Manuel Adorni, chef de cabinet du président argentin Javier Milei, a annoncé sa démission samedi 28 juin. Dans une lettre ouverte publiée sur les réseaux sociaux, il a indiqué aller pour la première fois à l'encontre de la volonté du chef de l'État depuis l'entrée en fonction de ce dernier en décembre 2023. Cette décision intervient dans le sillage d'un scandale de corruption qui ébranle l'image de probité du gouvernement.
Agé de 46 ans, Adorni était la figure de proue de la lutte anti-corruption promise par Milei.

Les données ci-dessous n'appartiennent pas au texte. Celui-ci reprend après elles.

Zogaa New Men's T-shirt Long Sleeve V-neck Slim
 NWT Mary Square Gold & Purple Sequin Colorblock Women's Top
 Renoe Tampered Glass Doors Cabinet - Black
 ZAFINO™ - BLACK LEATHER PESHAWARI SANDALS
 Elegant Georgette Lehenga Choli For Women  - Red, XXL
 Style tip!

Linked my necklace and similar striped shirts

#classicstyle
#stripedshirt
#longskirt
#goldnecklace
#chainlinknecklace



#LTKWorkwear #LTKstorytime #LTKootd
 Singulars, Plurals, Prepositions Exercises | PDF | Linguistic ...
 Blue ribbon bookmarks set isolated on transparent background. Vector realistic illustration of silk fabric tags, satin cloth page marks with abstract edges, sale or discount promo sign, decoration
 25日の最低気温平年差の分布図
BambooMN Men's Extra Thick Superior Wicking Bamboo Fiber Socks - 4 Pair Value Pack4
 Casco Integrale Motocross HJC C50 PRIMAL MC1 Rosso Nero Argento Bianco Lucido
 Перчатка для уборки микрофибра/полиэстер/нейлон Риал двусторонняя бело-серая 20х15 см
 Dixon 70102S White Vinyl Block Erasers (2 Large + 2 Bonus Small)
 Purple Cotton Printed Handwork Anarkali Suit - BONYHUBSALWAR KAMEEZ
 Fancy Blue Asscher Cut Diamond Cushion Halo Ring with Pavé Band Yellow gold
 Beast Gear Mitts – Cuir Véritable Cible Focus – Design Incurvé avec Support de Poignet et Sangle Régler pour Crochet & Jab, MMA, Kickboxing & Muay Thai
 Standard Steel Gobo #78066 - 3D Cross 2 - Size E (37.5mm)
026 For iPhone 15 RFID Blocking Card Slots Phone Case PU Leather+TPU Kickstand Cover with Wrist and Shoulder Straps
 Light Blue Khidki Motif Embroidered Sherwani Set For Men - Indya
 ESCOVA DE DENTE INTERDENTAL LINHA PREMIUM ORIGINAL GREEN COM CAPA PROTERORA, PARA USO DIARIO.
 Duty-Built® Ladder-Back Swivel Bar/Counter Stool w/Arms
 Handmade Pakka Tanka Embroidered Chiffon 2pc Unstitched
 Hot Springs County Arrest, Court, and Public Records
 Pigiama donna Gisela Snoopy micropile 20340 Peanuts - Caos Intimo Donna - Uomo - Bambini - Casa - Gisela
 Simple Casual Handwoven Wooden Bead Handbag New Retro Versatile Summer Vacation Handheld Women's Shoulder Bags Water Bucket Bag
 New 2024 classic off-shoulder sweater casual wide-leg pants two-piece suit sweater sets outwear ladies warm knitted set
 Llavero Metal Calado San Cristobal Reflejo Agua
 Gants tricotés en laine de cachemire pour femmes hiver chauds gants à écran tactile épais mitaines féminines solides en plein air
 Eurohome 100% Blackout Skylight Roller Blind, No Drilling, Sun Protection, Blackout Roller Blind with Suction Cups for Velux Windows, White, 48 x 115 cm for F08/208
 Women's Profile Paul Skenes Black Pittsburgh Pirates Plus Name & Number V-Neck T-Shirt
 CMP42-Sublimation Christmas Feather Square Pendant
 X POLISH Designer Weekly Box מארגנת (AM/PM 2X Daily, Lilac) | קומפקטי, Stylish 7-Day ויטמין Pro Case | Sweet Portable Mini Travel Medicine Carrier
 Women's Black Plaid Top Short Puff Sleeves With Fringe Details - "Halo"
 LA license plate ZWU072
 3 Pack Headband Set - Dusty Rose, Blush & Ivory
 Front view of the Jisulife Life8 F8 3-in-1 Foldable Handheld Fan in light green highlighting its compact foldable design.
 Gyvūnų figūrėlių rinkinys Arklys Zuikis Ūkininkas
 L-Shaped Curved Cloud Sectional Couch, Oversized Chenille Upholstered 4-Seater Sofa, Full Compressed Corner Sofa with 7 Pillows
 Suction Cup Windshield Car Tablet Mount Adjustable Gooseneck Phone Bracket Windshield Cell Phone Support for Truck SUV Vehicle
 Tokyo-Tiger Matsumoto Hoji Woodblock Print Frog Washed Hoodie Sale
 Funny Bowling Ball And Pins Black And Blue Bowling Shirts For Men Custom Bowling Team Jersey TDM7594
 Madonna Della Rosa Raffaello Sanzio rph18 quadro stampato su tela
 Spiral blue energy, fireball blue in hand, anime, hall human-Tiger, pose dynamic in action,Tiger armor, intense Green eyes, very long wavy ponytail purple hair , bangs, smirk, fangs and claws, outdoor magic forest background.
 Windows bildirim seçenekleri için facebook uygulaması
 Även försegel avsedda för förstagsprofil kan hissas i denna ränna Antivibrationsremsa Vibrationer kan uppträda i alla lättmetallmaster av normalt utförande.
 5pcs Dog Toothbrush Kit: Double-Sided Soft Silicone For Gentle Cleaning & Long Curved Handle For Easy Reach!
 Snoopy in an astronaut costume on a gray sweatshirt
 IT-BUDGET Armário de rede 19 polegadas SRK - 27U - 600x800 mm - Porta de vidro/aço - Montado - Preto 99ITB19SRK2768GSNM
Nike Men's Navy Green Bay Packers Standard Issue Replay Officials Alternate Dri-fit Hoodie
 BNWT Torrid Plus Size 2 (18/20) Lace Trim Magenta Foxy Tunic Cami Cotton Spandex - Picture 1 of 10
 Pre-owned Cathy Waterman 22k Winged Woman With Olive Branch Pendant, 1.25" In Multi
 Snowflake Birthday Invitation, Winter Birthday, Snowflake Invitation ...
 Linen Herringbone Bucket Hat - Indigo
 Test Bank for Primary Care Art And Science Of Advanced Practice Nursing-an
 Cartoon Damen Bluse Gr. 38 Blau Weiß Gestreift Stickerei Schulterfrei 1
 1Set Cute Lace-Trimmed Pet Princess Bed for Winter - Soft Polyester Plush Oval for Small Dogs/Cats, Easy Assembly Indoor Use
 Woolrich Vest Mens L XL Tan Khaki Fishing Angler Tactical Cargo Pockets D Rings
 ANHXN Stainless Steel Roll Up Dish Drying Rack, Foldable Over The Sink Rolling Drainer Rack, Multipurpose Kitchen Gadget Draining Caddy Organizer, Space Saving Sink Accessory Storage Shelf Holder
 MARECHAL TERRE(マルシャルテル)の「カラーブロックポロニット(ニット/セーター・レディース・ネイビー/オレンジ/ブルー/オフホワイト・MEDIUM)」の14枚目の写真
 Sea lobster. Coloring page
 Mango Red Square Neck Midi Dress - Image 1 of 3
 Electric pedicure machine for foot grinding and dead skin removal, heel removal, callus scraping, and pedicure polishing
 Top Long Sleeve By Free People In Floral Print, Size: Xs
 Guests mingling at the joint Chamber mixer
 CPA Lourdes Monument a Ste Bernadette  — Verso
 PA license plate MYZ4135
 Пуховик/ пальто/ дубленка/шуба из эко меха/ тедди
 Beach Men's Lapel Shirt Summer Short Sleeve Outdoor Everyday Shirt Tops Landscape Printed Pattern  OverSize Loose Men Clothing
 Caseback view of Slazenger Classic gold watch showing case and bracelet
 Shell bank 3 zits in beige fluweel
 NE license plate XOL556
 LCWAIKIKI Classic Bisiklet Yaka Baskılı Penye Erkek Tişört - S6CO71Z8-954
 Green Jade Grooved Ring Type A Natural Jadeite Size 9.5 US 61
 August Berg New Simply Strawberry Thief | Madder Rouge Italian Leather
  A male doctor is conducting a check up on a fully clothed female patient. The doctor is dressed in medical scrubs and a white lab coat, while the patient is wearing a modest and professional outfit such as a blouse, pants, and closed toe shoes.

Il est mis en cause pour un train de vie fastueux, notamment des vacances familiales coûteuses et des acquisitions immobilières hors de proportion avec ses revenus officiels. Deux semaines plus tôt, il avait reconnu avoir dissimulé 500 000 dollars d'économies au fisc, tout en niant toute infraction, affirmant que ces fonds provenaient d'avant son entrée dans la fonction publique. Il a maintenu n'avoir commis aucun acte illégal.
Le président Milei a défendu son collaborateur, déclarant que « Manuel est innocent ». Cette affaire porte un coup à la crédibilité de la campagne anti-corruption que Milei avait érigée en étendard de son mandat depuis son élection. Adorni, ancien porte-parole présidentiel, incarnait cette promesse. Sa démission soulève des interrogations sur la capacité du gouvernement à tenir ses engagements en matière de transparence et de lutte contre la corruption.